Why do law firms include social network badges across all the pages on their websites?

Home page, practice areas, lawyer bio’s, office locations and what have you. It looks like the firm has a sponsorship deal where the social networks are paying the firm to display the logos.

The logos, of course, are share buttons where the page and its description can be shared on a social network such as Twitter, Facebook, LinkedIn, Google+ and Pinterest.

The problem is that no one would share the marketing pages of a company, especially a law firm — except for maybe employees of the law firm who don’t know how silly they would look by doing so.

Share buttons are used around the Internet to move news, information, insight and commentary. Most of this information for law firms would be on law blogs.

Sure, there are probably exceptions. But I think the products, services and people pages being shared would have to be pretty popular items. An Apple Watch, a pair of Nike running shoes, a national park trail, an NFL star or a rockstar.

I don’t see how website pages displaying marketing information on law firms fall into this social share category.

What’s the harm? You look lame.

Law firms boast that they are tech savvy. Many law firms are looking to get work from tech companies, start-ups, venture capitalists, media companies and the like. Employees at these companies know better. Most people know better for that matter.

It’s not good enough to look as equally ignorant as other law firms. Law firms may be setting the standard for Internet ‘lameness.’
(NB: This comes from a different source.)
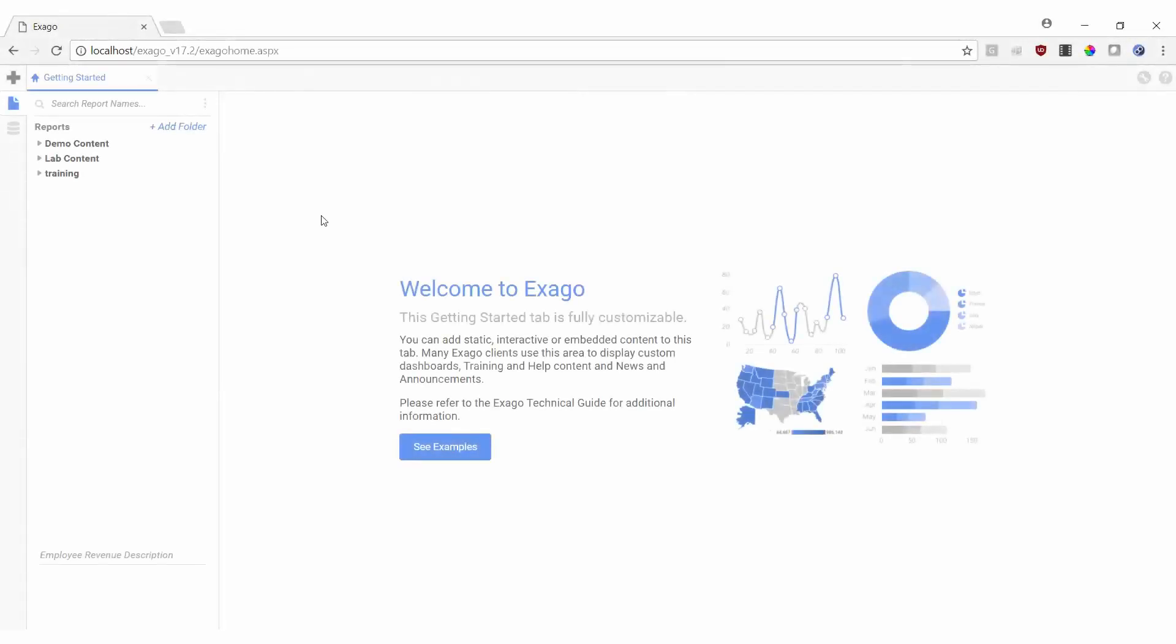Welcome back to the Exago Video Training Series. This segment will focus on dashboards, an interactive way to display reports, visualizations, and more all on the same page.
It’s also not good enough to do everything your Internet marketing/website developer is advising or doing. There is a lot of marginal work out there.
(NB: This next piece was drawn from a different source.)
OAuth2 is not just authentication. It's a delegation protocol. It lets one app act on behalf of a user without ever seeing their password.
Yes, do ask people on your website to connect and engage with you via social networks. Have badges that link to Facebook, Twitter and Linked pages for the firm and individual lawyers. That’s far different.

The use of the Internet for business development need not be that complicated. As a lawyer or other professional, use blogs and social networks. Gain a level of common sense that will dictate good practice. That way you avoid these sort of problems.